The most unusual feature of Arran Gaelic is the //w// glide after labials before a front vowel, e.g. math 'good' //mwɛh// (normally //mah//).

==History==
Gaelic was still spoken widely on Arran at the beginning of the 20th century. The 1901 Census reported 25–49 per cent Gaelic speakers on the eastern side of the island and 50–74 per cent on the western side of the island. By 1921 the proportion for the whole island had dropped to less than 25 per cent. Nils Holmer quotes the Féillire (a Gaelic almanac) reporting 4,532 inhabitants on the island in 1931 with 605 Gaelic speakers, showing that Gaelic had declined to about 13 per cent of the population. It continued to decline until the last native speakers of Arran Gaelic died in the 1990s. Current Gaelic speakers on Arran originate from other areas in Scotland. In 2011, 2.0 per cent of Arran residents aged three and over could speak Gaelic.

==Documentation==
Arran Gaelic is reasonably well documented.
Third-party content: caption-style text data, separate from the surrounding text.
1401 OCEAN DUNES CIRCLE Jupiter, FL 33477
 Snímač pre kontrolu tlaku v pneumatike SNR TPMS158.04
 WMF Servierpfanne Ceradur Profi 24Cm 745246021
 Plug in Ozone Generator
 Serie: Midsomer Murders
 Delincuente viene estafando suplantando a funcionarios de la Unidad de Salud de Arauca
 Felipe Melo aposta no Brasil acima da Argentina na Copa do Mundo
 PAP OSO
Holmer carried out field work on the island in 1938, reporting Gaelic being spoken by "a fair number of old inhabitants". He interviewed 53 informants from various locations and his description of The Gaelic of Arran was published in 1957 and runs to 211 pages of phonological, grammatical and lexical information. The Survey of the Gaelic Dialects of Scotland, which collected Gaelic dialect data in Scotland between 1950 and 1963, also interviewed five native speakers of Arran Gaelic.

Mac an Tàilleir notes that the island has a poetic name Arainn nan Aighean Iomadh – "Arran of the many stags" and that a native of the island or Arainneach is also nicknamed a coinean mòr in Gaelic, meaning "big rabbit". Locally, Arainn was pronounced //ɛɾɪɲ//.

==Extinction==
The Scottish Gaelic dialect of Arran died out when the last speaker Donald Craig died in the 1970s. However, there is now a Gaelic House in Brodick, set up at the end of the 1990s.